JAKARTA — Komisi Pemberantasan Korupsi (KPK) tengah mengkaji aturan internal yang akan melarang para tersangka korupsi menutupi wajah saat diperlihatkan ke publik. Namun, rencana tersebut menuai kritik dari sejumlah pihak, termasuk anggota Komisi III DPR RI, Soedeson Tandra.
Menurut Soedeson, kebijakan semacam itu berpotensi melanggar hak asasi manusia (HAM), karena status tersangka belum berarti seseorang terbukti bersalah secara hukum.

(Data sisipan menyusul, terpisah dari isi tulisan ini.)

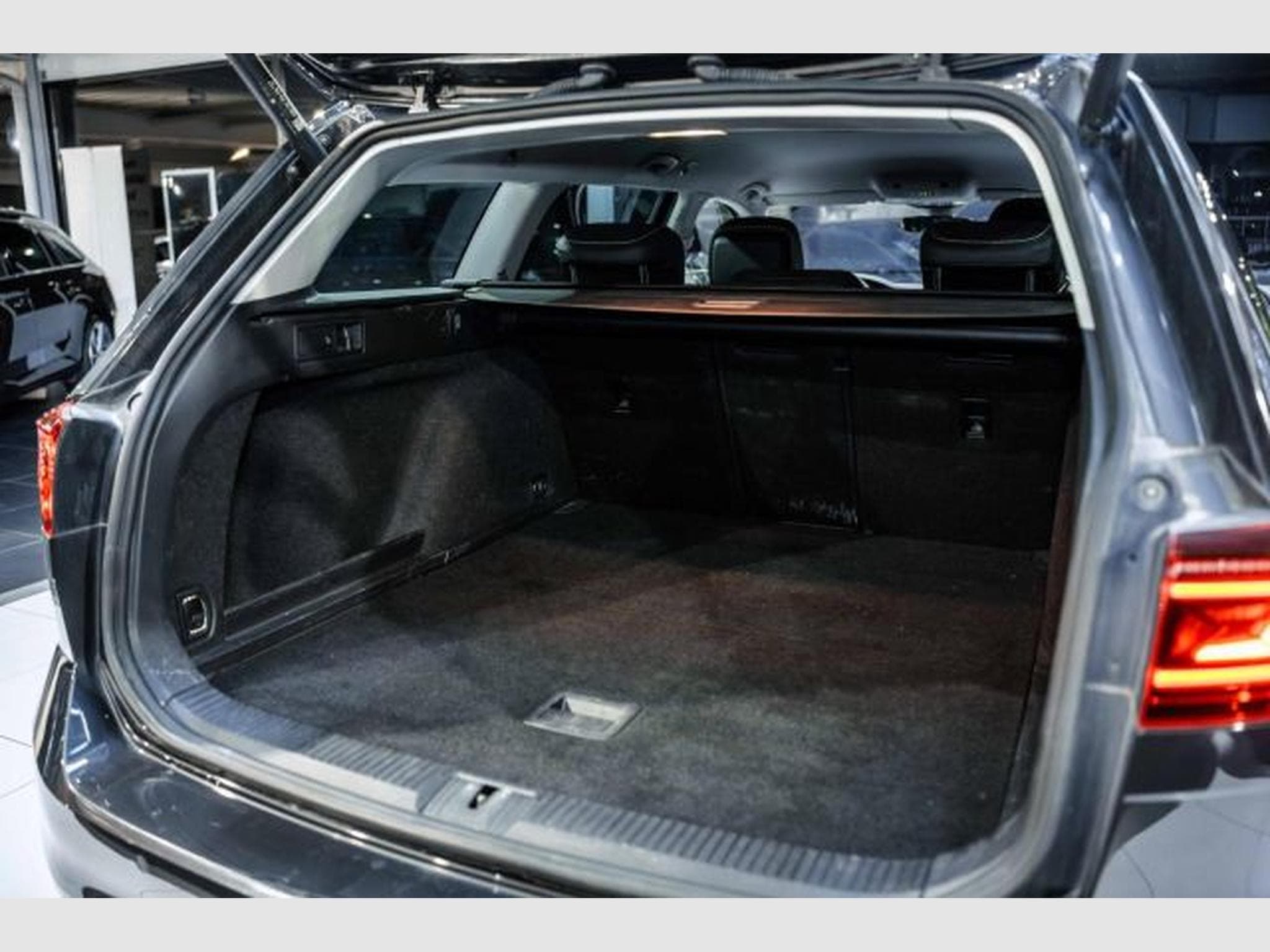 VW Passat Passat Variant 2.0 TDI DSG Eleg. R-Line LED AHK (2023) - Foto 15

“Saya tidak setuju dengan rencana itu. Karena ini menyangkut hak asasi manusia. Orang yang ditangkap KPK itu masih berstatus tersangka, belum tentu dia bersalah,” kata politisi Partai Golkar tersebut seperti dikutip dari sumber okezone, Jumat (18/7/2025).
Ia menilai, jika tersangka ditampilkan ke publik tanpa penutup wajah, hal itu bisa menciptakan opini publik seolah-olah yang bersangkutan sudah bersalah. Ini, lanjutnya, berpotensi menjadi bentuk “trial by the public” dan bisa merusak asas praduga tak bersalah.

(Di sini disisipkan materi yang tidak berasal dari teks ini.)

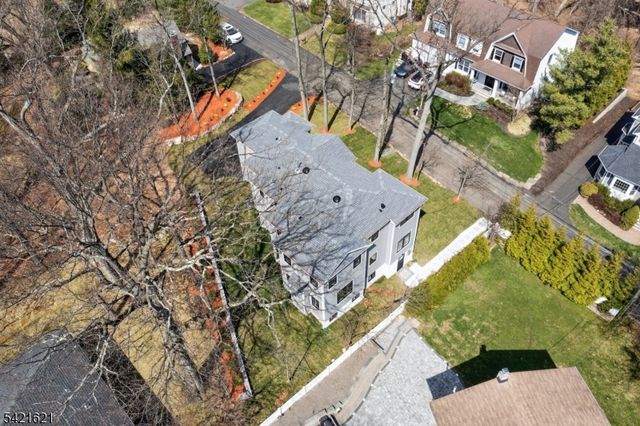 1345 Overhill St, Westfield Town, NJ 07090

“Kalau ditampilkan begitu, tujuannya apa? Kalau membentuk opini bahwa tersangka pasti bersalah, berarti KPK sudah seperti menjadi hakim,” ujarnya.
Soedeson juga menegaskan bahwa hanya pengadilan yang memiliki kewenangan untuk memutuskan apakah seseorang bersalah atau tidak dalam suatu kasus pidana. Karena itu, ia mengingatkan KPK agar lebih fokus pada tugas utamanya, yakni mengumpulkan bukti dan menelusuri aliran dana hasil korupsi.

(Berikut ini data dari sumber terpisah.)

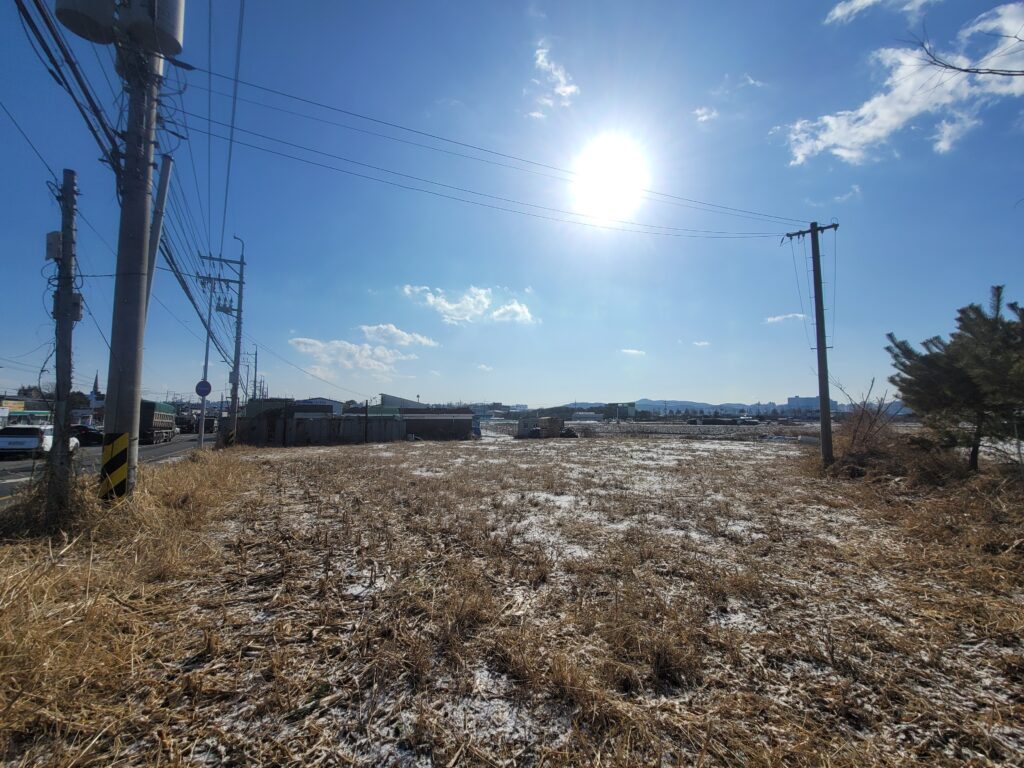 김포 양촌읍 누산리 토지 내부 전경, 지목 전 농지로 평탄한 지형의 개발 검토 가능한 토지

“KPK sebaiknya konsentrasi saja untuk mengusut tuntas kasus dan mengejar pengembalian kerugian negara. Tujuan utama penegakan hukum itu bukan semata menghukum orang, tapi memulihkan keuangan negara,” jelasnya.
Ia pun mengingatkan bahwa penegakan hukum harus tetap berada dalam koridor hukum.
“Menegakkan hukum tidak bisa dengan cara melanggar hukum. Jangan sampai penegakan hukum justru mengabaikan prinsip keadilan,” tandasnya.